Saturday, March 17, 2007

The best-planned lays of mice and men...


...gang aft a-gley’, as Burns wished he had said. Now this is not going to be another anti-Scottish diatribe. As you know, I am not prone to racial prejudice of any kind, particularly against Scots. After all, my nominee for sanctification on the next vacancy will be Glaswegian Saint, David Moyes, for the last five years Manager of the Everton Football Club, who rescued them from the brink of disaster to which their previous manager had brought them. (Come to think of it, he too was a Scot, but it did him no harm – he’s now Manager of the Scottish national team.)
It was while listening to one of the BBC’s best news presenters, James Naughtie, (a Scot), interviewing our Secretary of State for Defence, Des Browne (a Scot) about his hope that the House of Commons (whose Speaker is a Scot) hasten progress on updating our Trident missiles so that we can kill more people quicker so the incoming Prime Minister (Yes, you guessed) can deny all responsibility – that I realised why I worry about the Great Scottish Takeover.
It’s not because, although they pay the same taxes as the English; elderly Scots get free personal care, while ours don’t; or because Scottish students get free tuition, while ours don’t; or because they get better drugs and health care than we do; or even that they obtain 20% more per person from the State budget. Not at all – good luck to them if they can get away with it. To be fair, they do have colder winters and higher coronary death rates, and they have to eat haggis and deep-fried Mars bars and watch Scottish football.
No, my objection is that the Royal Mint has decided that the £20 note will no longer bear the profile of our beloved Elgar, composer of Stance and Circumpomp and our unofficial national anthem, Land of Hope and Crosby, and whose very name is an anagram of 'regal'.
Elgar is out: in future, the Bank of ENGLAND’s most popular banknote will feature – back-to-back with the Queen - a Scottish bean counter called Adam Smith.
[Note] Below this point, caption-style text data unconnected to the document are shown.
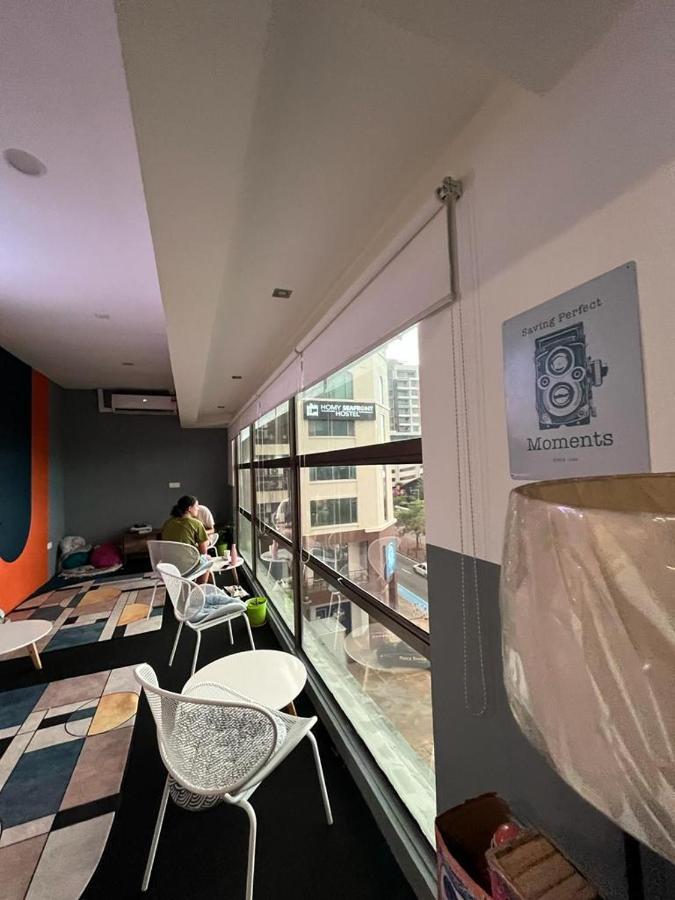Space Cap Hotel Kota Kinabalu Bagian luar foto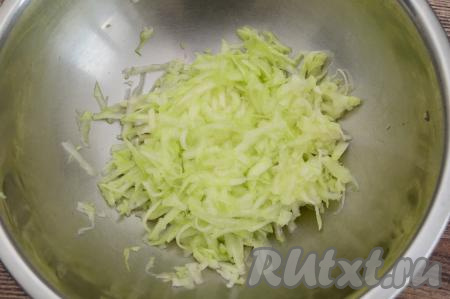 Кабачок вымыть, если семечки крупные, их тоже нужно будет удалить, кожуру я обычно срезаю. 200 грамм подготовленного кабачка натереть на крупной тёрке в отдельную миску, посолить и оставить минут на 5, чтобы кабачок выделил сок.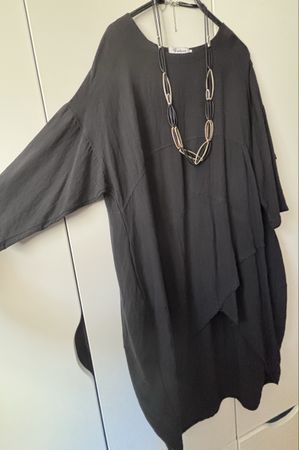 Kleid 46-48 schwarz mit 2 Halsketten  => Ab 15.- 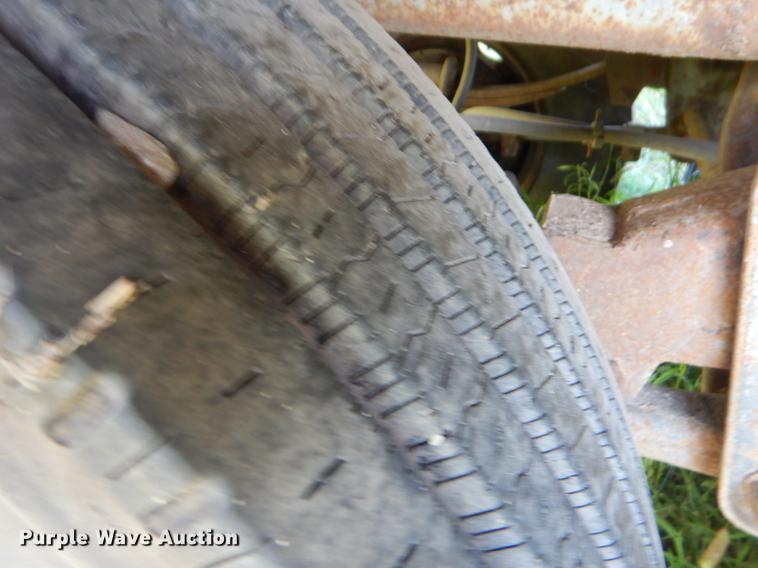 image for item EO9540 1992 Wilson DWH-200 double hopper bottom grain trailer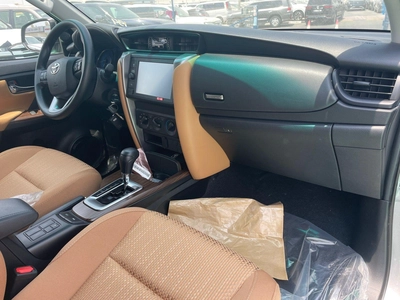 Toyota Fortuner 2026-5
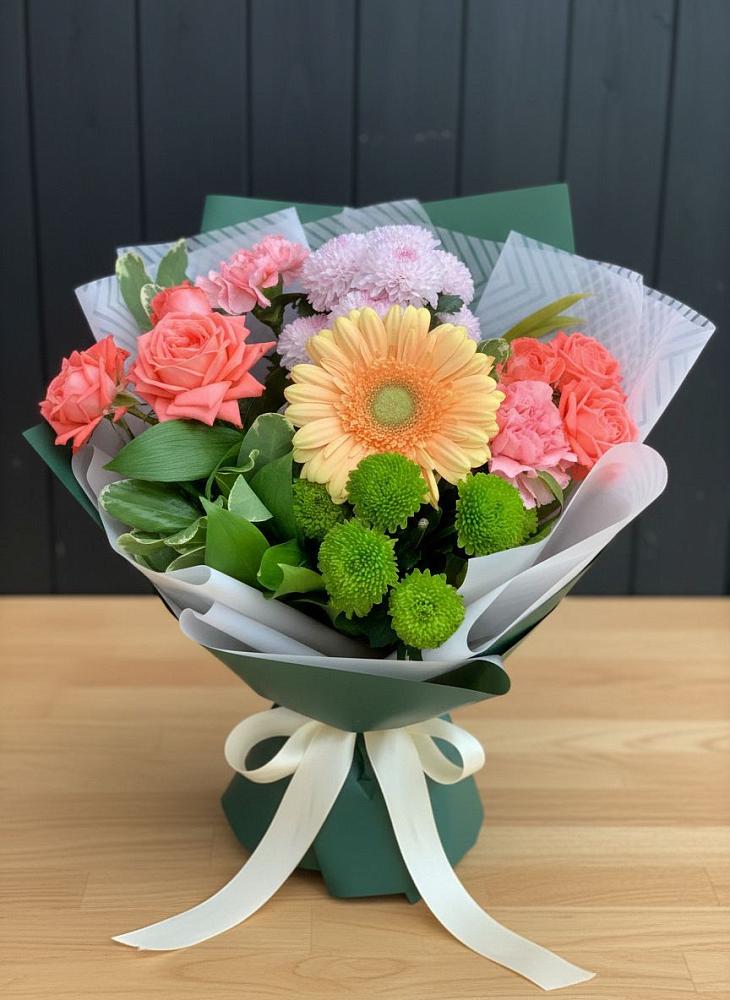 Букет цветов из: Гвоздики, Розы, Герберы и Хризантемы в Хохряки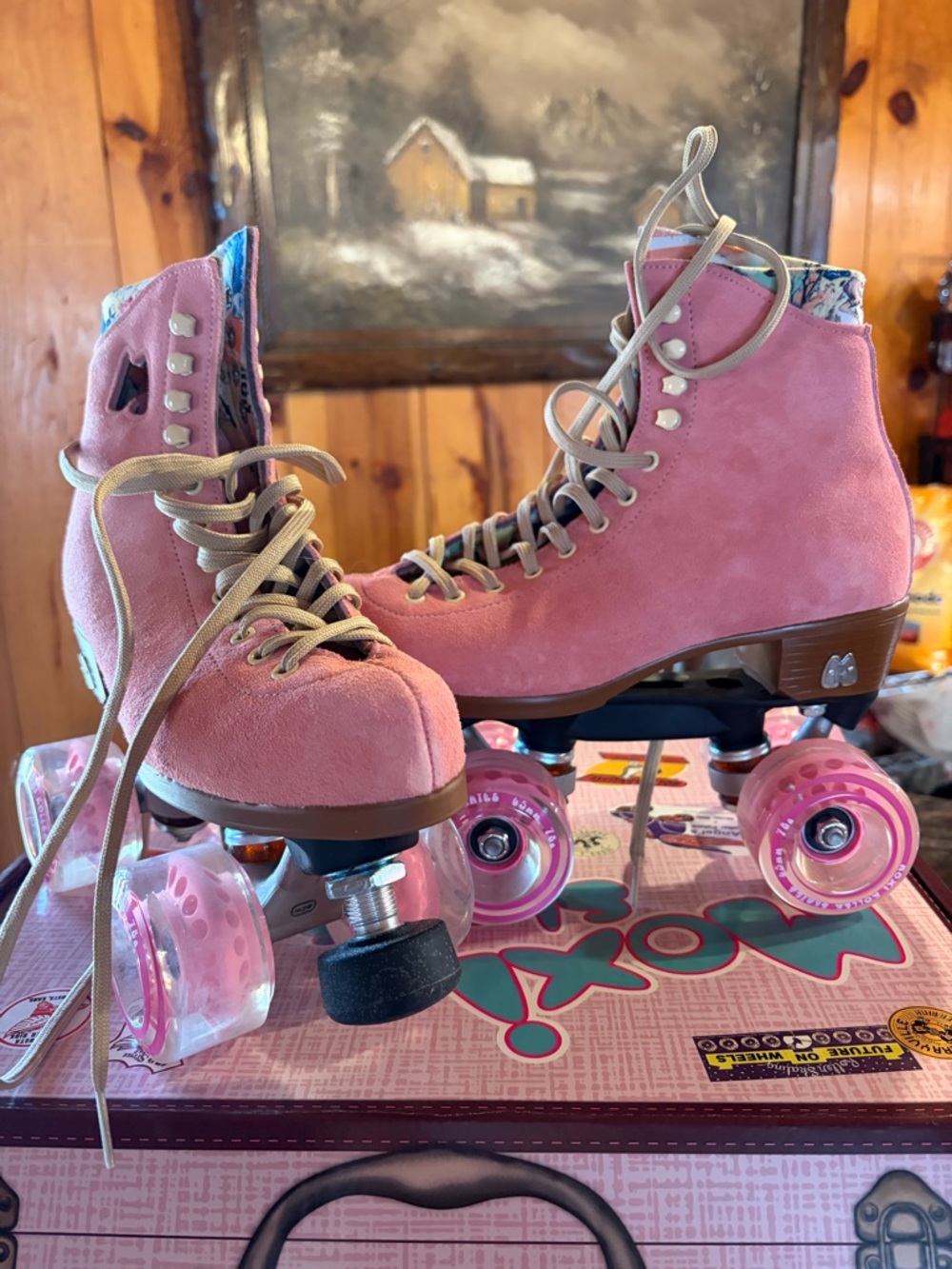 Classic Pink Suede Roller Skates - Women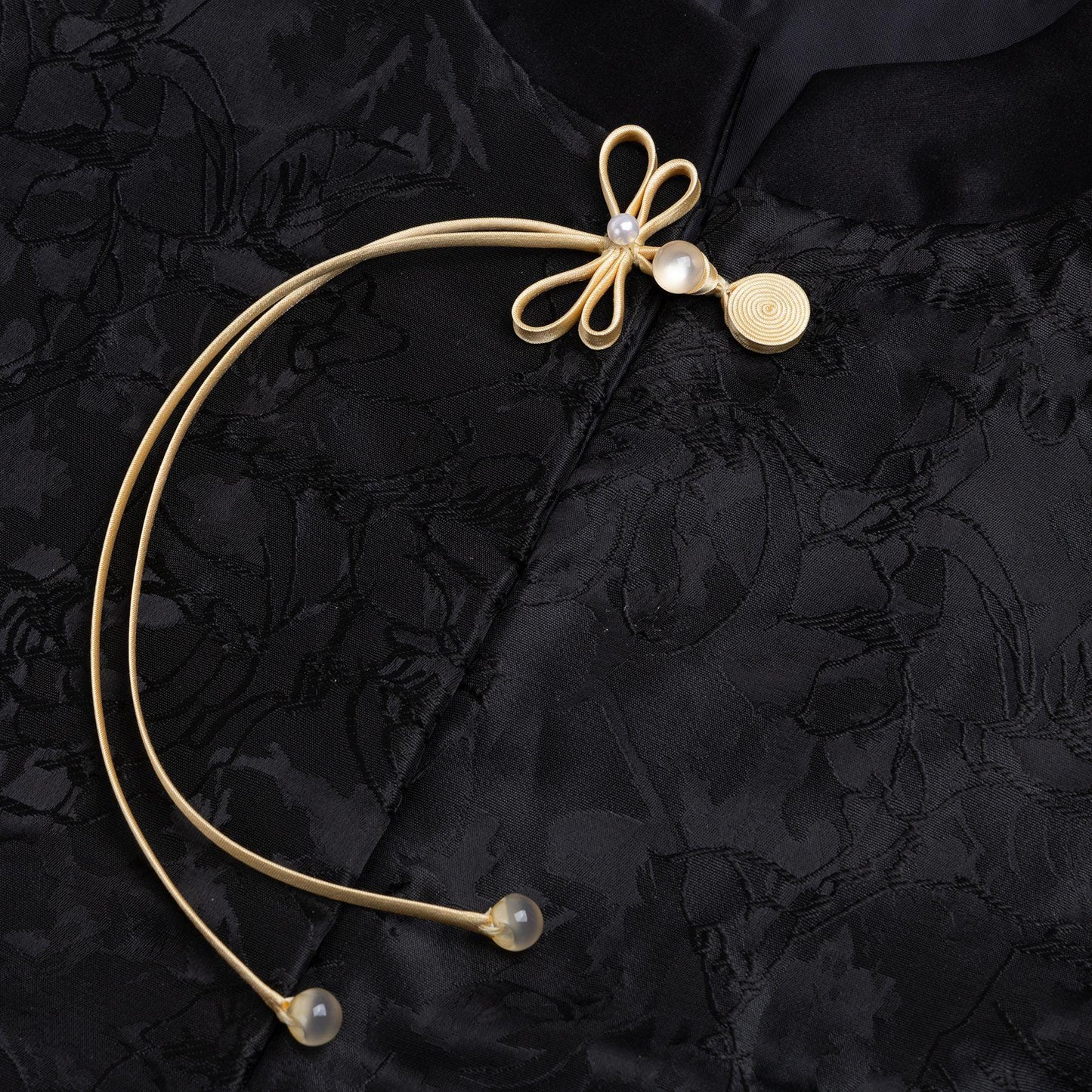 Handmade Chinese Knot Frog Closures: Satin Cheongsam Buttons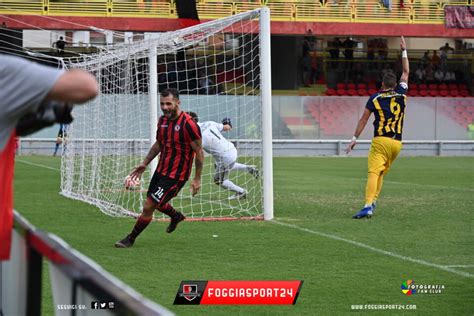 Foggiasport24.com sport magazine e news foggia calcio direttore: Foggia Calcio, Tortori: "Un boato allucinante. Un'emozione ...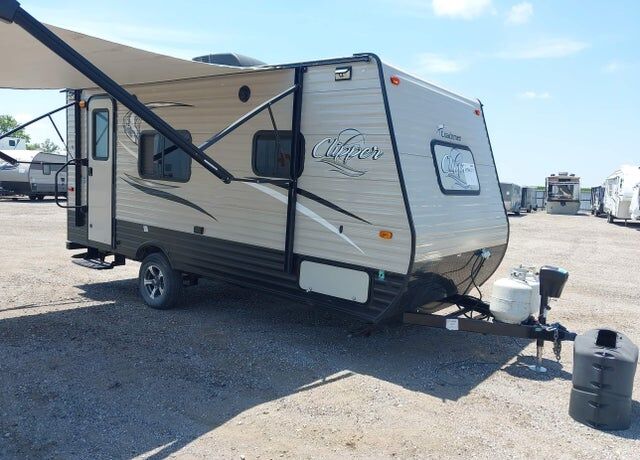 2018 FOREST RIVER Clipper Towable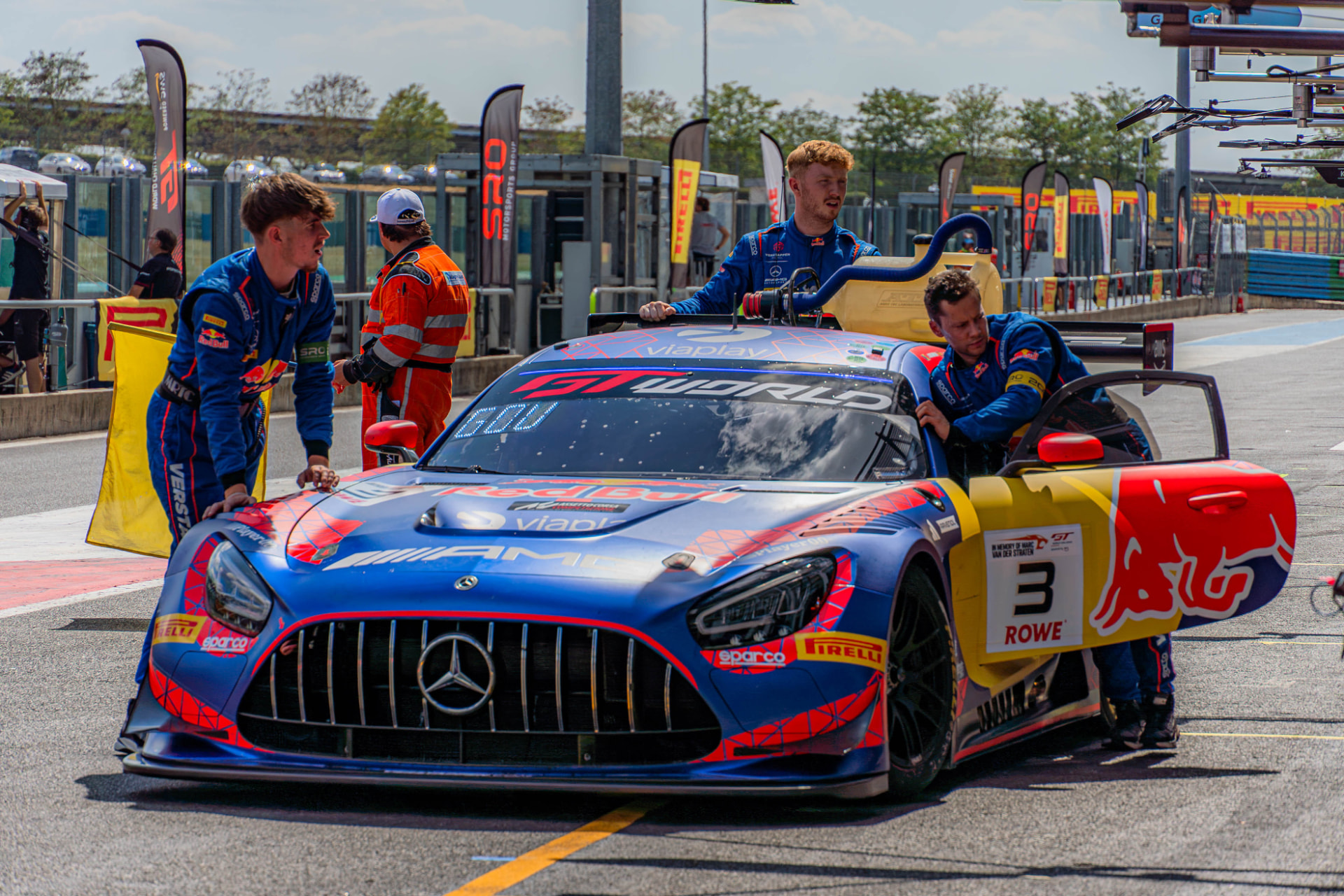Mercedes-AMG GT3 — Red Bull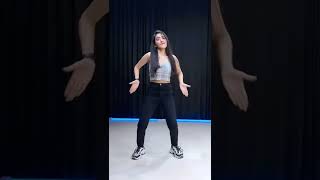 Old is Gold♥️🔥 | Chamma Chamma Dance Video | Muskan Kalra | Youtube #shorts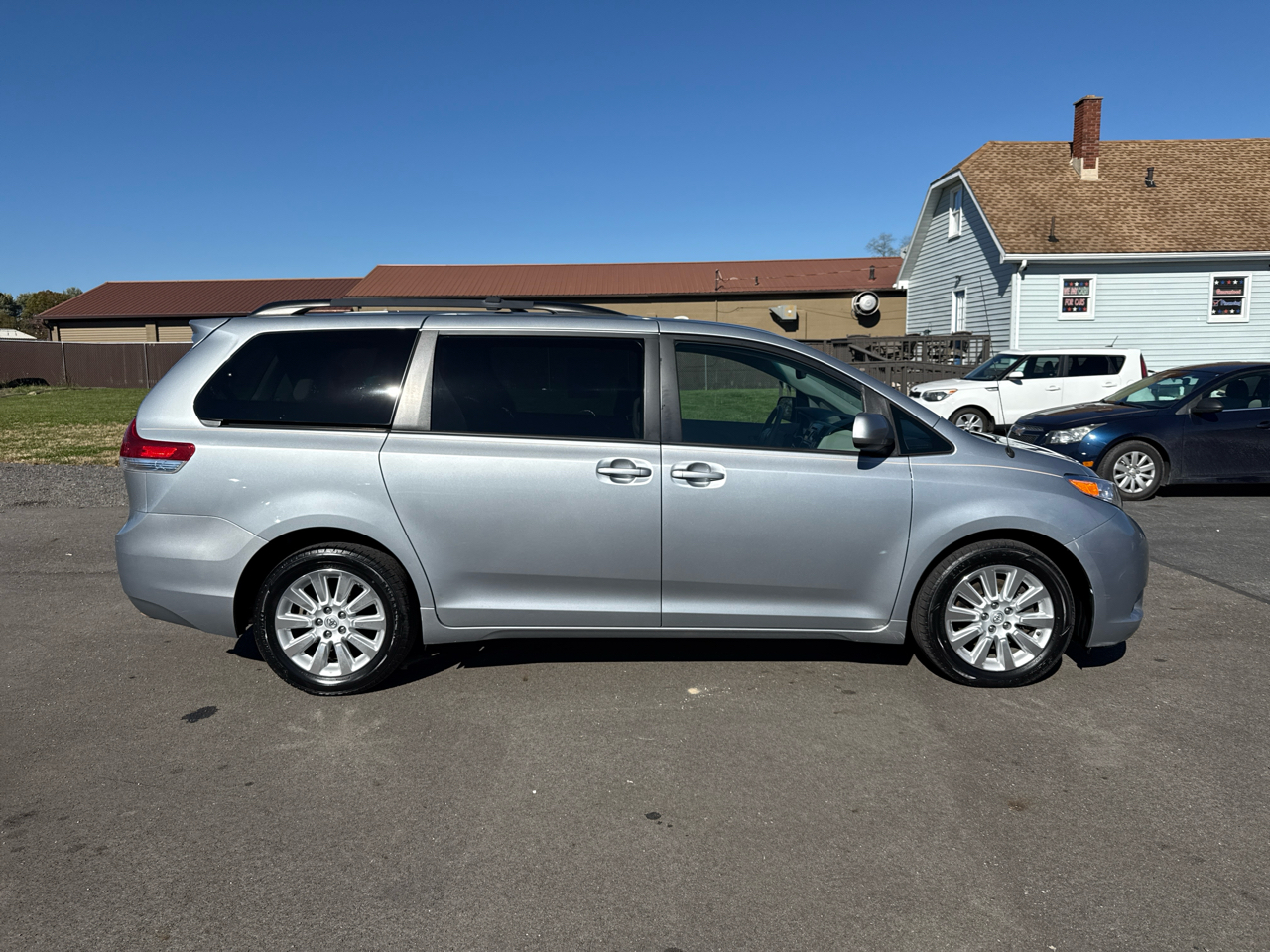 Toyota Sienna 5dr 7-Pass Van V6 LE AWD (Natl) 2014 Toyota Sienna 5dr 7-Pass Van V6 LE AWD (Natl) 2014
Ethnic cleansing comes to football Isn’t it odd that, having got three English teams into the last eight in the Champions League, they managed to avoid playing each other in the Quarter Finals, thus setting up the possibility of an all-English final in Athens? But then, is there such a thing as an ‘English’ club any more, when, of our top three clubs, one is Russian-owned, and the other two are owned by Americans?
It’s the same with the players: When Arsenal played Philips Eindhoven in the Champions League last week, there was only one Dutchman in the Dutch team – and even he didn’t last the distance. And there were no Englishmen in the English team. You realise what this means: it means that when the Scottish revolution takes place, there'll be no Englishmen here for them to take over. The best-laid plans will have ganged a-gley.

Canary Island Discs No. 3 When I was a kid, our parents took us to Blackpool every September to see the Illuminations - Dad worked for the railway company so got cheap tickets. One of my favourite light-and-sound shows was the one at South Shore baths to a looped tape of Liszt’s Second Hungarian Rhapsody. Maybe that’s when I started to like Hungarian music.
Years later, I went to a concert given by the New Zealand National Orchestra in Wellington, and they played Kodaly’s Háry János Suite. It was a revelation - they played it again as an encore, and then had to play it again because people wouldn’t let them stop. When I went to the record shop next day, they had sold out.
Fast forward another twenty years and I’m in a restaurant in Vienna the name of which I forget, and a small group of white-haired musicians are playing Hungarian gypsy music. Hearing the unusual sound of the cimbalom, which is featured on the Háry János, I asked them if they did it. It was like asking Benny Carter if he did Body and Soul.
I went back there a number of times – they also served good food - and as I arrived they would strike it up. So Disc No. 3 – for Blackpool when it was a fun place, Wellington, Vienna and the cimbalom, it’s Zoltán Kodály’s Háry János Suite.

5 comments:

Anonymous said...

Happy ST Pat's DAy Ted.
Or is that a bad thing?

Tuscan Traveller said...

No - Paddy's OK - just thought I'd rest him this year. (Don't like to rant, but did you notice how Scotland failed to beat France yesterday, thus handing them the Six Nations rugby championship?)

Anonymous said...

LEave it to the Scots to hand it over to the French.

Anonymous said...

... do you actually know how many beans Adam Smith counted ?

Tuscan Traveller said...

No but I question his timing: fancy publishing your greatest work in 1776!